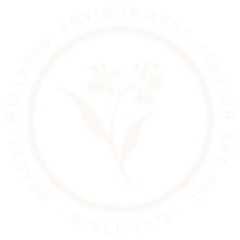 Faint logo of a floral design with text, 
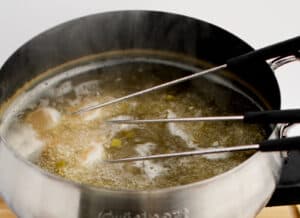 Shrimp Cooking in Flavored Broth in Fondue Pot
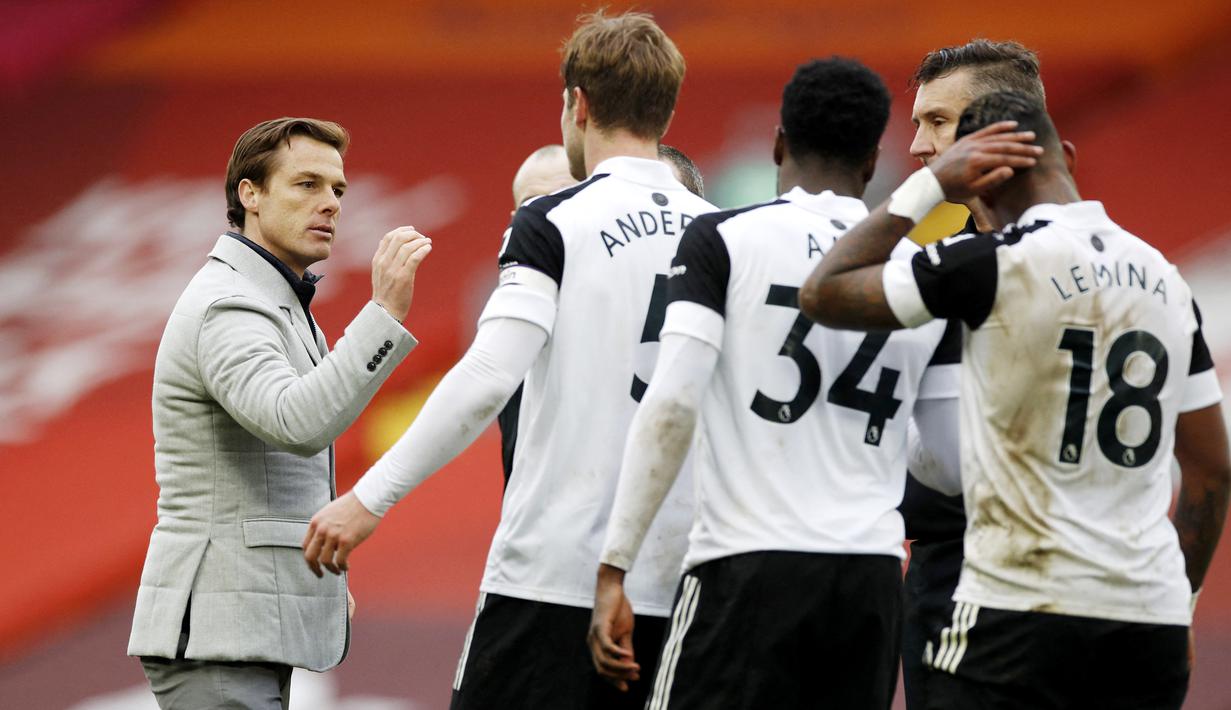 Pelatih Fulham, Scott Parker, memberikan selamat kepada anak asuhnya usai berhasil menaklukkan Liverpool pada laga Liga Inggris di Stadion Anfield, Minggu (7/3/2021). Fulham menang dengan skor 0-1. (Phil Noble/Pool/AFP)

* What is required
Could you write out exactly the lines from the line containing "Shrimp Cooking in" to the end of the material, and nothing else? No pictures belong in the copy.

* Answer for this exercise
 Shrimp Cooking in Flavored Broth in Fondue Pot
 Pelatih Fulham, Scott Parker, memberikan selamat kepada anak asuhnya usai berhasil menaklukkan Liverpool pada laga Liga Inggris di Stadion Anfield, Minggu (7/3/2021). Fulham menang dengan skor 0-1. (Phil Noble/Pool/AFP)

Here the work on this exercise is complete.